In 1943 Julius Kambarage Nyerere joined Andrew Tibandebage in a student political group at Makerere University in Uganda, where they discussed how Tanganyika might gain its independence by making a claim to the United Nations Trusteeship Committee. After finishing studies at Makerere University in 1945, Nyerere took up a teaching post at St. Mary's Secondary School in Tabora, Tanganyika and threw himself happily into his duties. With Tibandebage, Nyerere coached a debating team at St. Mary's and made a deep impression on an upcoming generation at the neighboring Tabora Boys’ School. Rashidi Kawawa, Job Lusinde, and Oscar Kambona all became leaders in the independence movement, in large measure inspired by this enthusiastic young teacher and his debating club. Nyerere kept in close touch with friends back home, including James Irenge, his teacher from Mwisenge Native Authority School who saw his leadership potential and quietly nurtured Nyerere's political ambition during his former pupil's regular visits home.

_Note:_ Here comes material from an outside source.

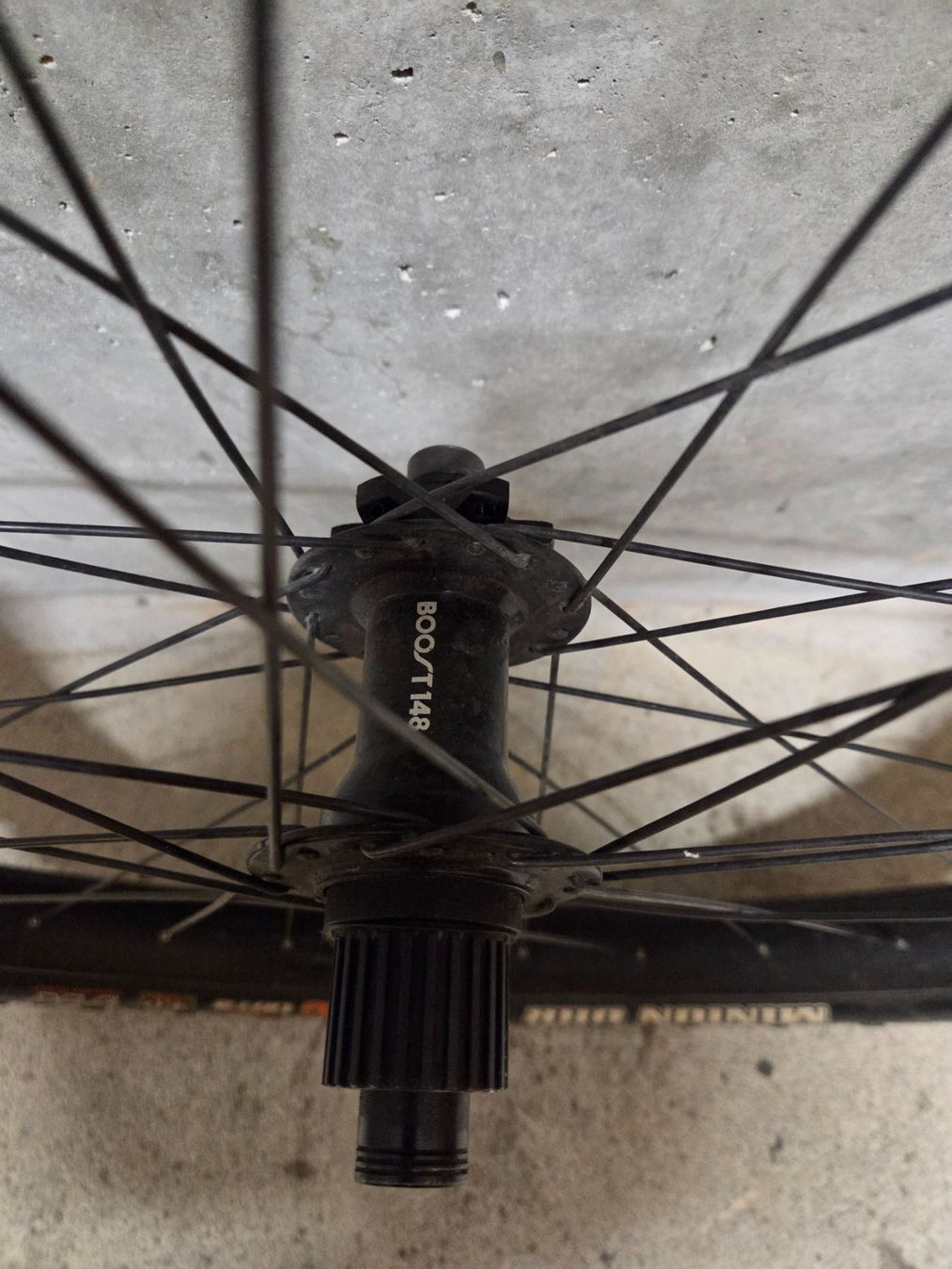 Trek Pezzi di ricambio: Trek MTB Hinterrad 27,5" Boost 148 – Usato da Bern venduto da Freeride001 1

In 1949 Nyerere traveled to Edinburgh University in Scotland, as one of a small group of East Africans who were given scholarships to study in the United Kingdom. A university education abroad was the final step in a colonial educational track reserved for a small group of top students that would help transform African society into a more European one—or so officials hoped. They were trained as teachers, doctors, and social workers. Nyerere was a typical member of the independence generation described by Frederick Cooper: “Leaders—western educated, but rarely more than one generation removed from their milieux of origin—saw themselves as choosing the best of what Europe and Africa had to offer.” While local ideas nourished their hearts, the driving philosophy of the colonial education they imbibed was British Utilitarianism. Probing Nyerere's educational journey offers insight into the broader intellectual discourse that offered young African elites the means to pierce metropolitan prejudices and transform the justifications of colonial rule into a rationale for independence.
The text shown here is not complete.